■ **What you need to do**: Return every line from the records below with the string "Sleeve".

[Opening Provided records section]

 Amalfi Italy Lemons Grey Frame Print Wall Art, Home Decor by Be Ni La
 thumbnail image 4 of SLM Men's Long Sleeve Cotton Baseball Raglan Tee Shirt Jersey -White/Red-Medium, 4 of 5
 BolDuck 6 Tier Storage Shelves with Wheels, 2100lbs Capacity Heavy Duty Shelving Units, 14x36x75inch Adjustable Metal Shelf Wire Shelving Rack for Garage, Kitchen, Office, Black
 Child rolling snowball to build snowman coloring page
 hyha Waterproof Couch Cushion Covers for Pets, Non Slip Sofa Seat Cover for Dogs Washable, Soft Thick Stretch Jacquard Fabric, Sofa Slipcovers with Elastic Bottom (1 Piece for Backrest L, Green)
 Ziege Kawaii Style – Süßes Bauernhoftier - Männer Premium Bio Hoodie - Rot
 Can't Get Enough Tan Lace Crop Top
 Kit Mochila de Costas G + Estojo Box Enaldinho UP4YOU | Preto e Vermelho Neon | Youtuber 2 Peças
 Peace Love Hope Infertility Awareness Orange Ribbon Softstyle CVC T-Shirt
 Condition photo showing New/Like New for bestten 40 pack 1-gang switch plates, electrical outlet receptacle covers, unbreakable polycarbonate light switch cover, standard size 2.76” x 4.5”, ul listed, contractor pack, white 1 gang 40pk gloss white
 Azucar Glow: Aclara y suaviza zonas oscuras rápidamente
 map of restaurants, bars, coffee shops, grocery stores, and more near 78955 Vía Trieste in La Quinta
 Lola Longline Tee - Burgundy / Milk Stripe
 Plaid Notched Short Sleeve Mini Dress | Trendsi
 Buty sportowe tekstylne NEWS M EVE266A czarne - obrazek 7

[Closing Provided records section]

■ **Problem solution**:
 thumbnail image 4 of SLM Men's Long Sleeve Cotton Baseball Raglan Tee Shirt Jersey -White/Red-Medium, 4 of 5
 Plaid Notched Short Sleeve Mini Dress | Trendsi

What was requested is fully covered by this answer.